Item 8.01. Other Events.
On December 29, 2025, Semrush Holdings, Inc., a Delaware corporation (the "Company" or "Semrush"), filed its definitive proxy statement on Schedule 14A (as such may be supplemented from time to time, the "Proxy Statement") with the Securities and Exchange Commission (the "SEC") with respect to the special meeting of Semrush's stockholders (the "Special Meeting") to be held in connection with the transactions contemplated by that certain Agreement and Plan of Merger (the "Merger Agreement"), dated as of November 18, 2025, by and among the Company, Adobe Inc., a Delaware corporation ("Adobe"), and Fenway Merger Sub, Inc., a Delaware corporation and a direct, wholly owned subsidiary of Adobe ("Merger Sub"), pursuant to which Merger Sub will merge with and into the Company (the "Merger"), with the Company surviving as a wholly owned subsidiary of Adobe.
The Special Meeting is scheduled for February 3, 2026, beginning at 10:00 a.m. Eastern Time. Semrush's stockholders of record as of the close of business on December 26, 2025 will be eligible to vote at the Special Meeting. The information contained in this Current Report on Form 8-K (this "Form 8-K") should be read in conjunction with the Proxy Statement, which should be read in its entirety.
Litigation Relating to the Merger
As of the date of this Form 8-K, three lawsuits relating to the Merger (the "Lawsuits") have been filed: (i) Steven Weiss v. Semrush Holdings, Inc., et al.

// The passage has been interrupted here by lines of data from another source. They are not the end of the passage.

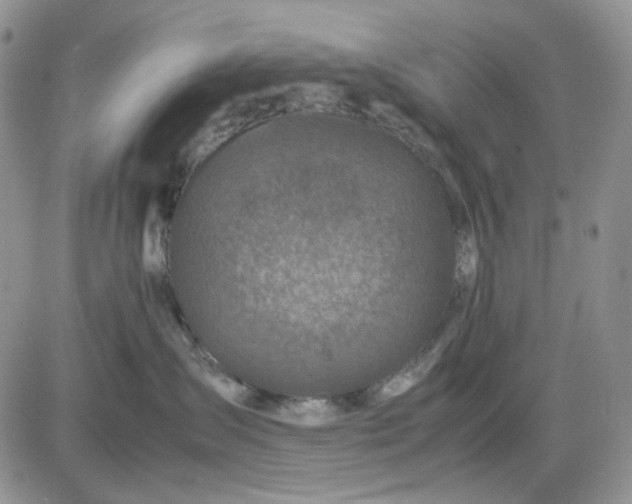 X0000081470431200701262008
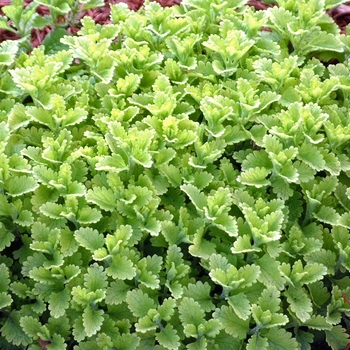 Teucrium chamaedrys - 'Summer Sunshine' Germander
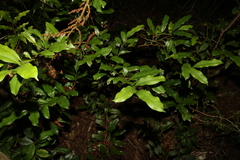 Cryptocarya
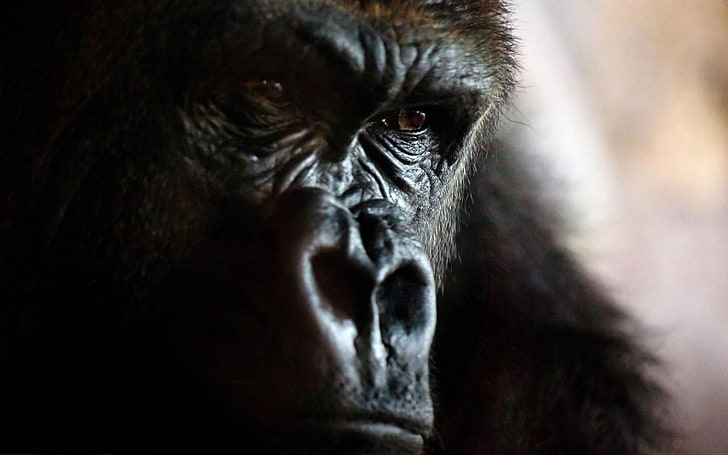black and brown gorilla, animals, gorillas, closeup, face, primate, HD wallpaper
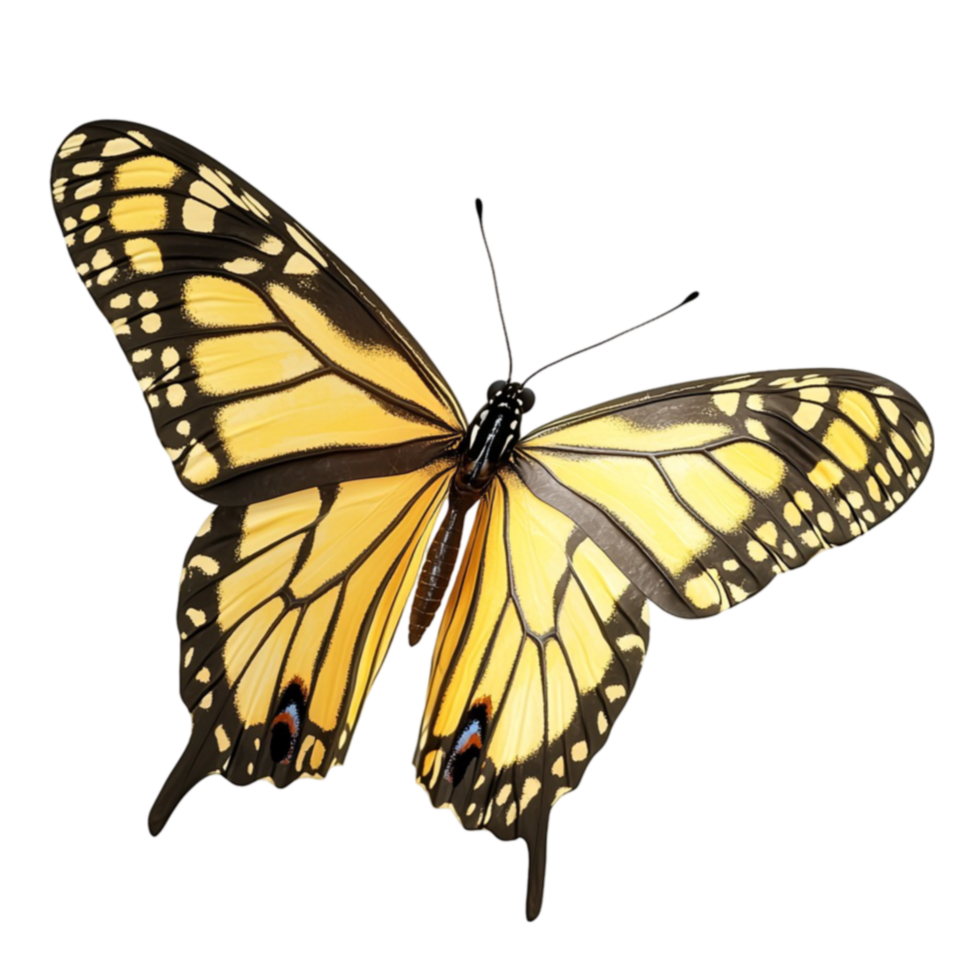 yellow and black butterfly with delicate wings spread wide in perfect symmetry png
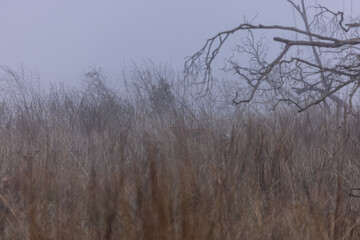 Female tigress (Panthera tigris) walking in the jungle of jim corbett forest.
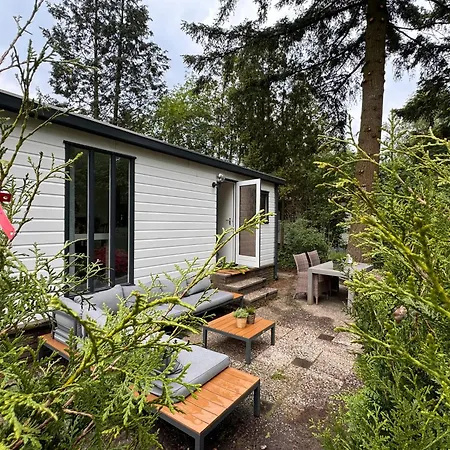 Holidayhouse On Park De Ijsvogel Swimmingpool Restaurant And Facilities Voorthuizen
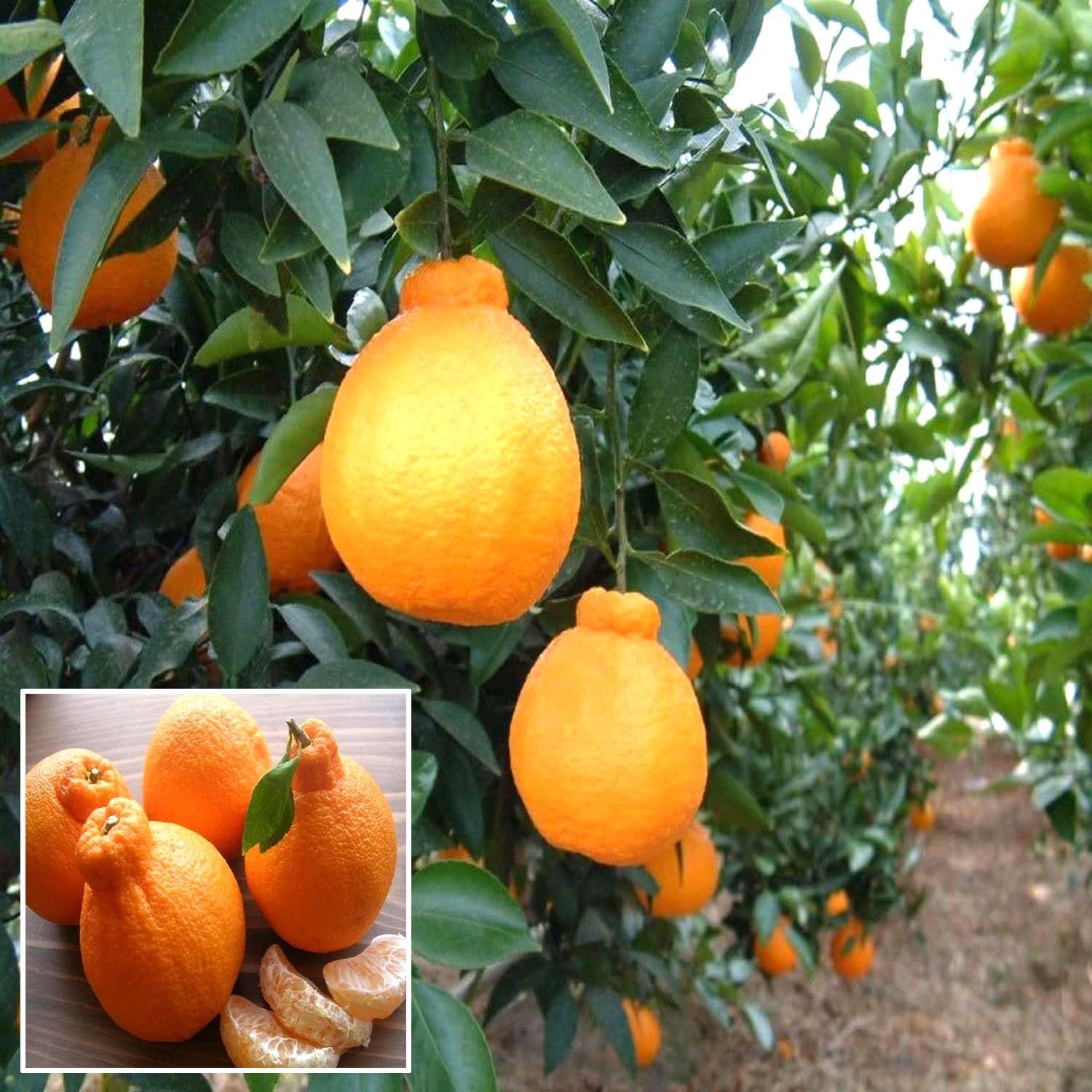 Dekopon Orange Santra Grafted Fruit Plant (1.5-2 Feet Height) - The Nursery Live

Index No. 650235/2026 (the "Weiss Action"), which was filed on January 13, 2026; (ii) Richard McDaniel vs. Semrush Holdings, Inc., et al. Index No. 650280/2026 (the "McDaniel Action"), which was filed on January 15, 2026, both of which were filed in the Supreme Court of the State of New York, County of New York, and (iii) Joel Zalvin vs. Steven Aldrich et al. Civil Action No. 26-140, which was filed on January 15, 2026, in the Superior Court of the Commonwealth of Massachusetts. The Lawsuits were filed by purported stockholders of the Company as individual actions and allege that the Proxy Statement was materially incomplete due to certain misrepresentations and omissions in violation of New York, Florida, and Massachusetts common law. The Lawsuits name as defendants the Company's directors and, in the case of the Weiss Action and the McDaniel Action, the Company and seek, among other relief, an order enjoining the consummation of the Merger. There can be no assurance regarding the ultimate outcome of the Lawsuits.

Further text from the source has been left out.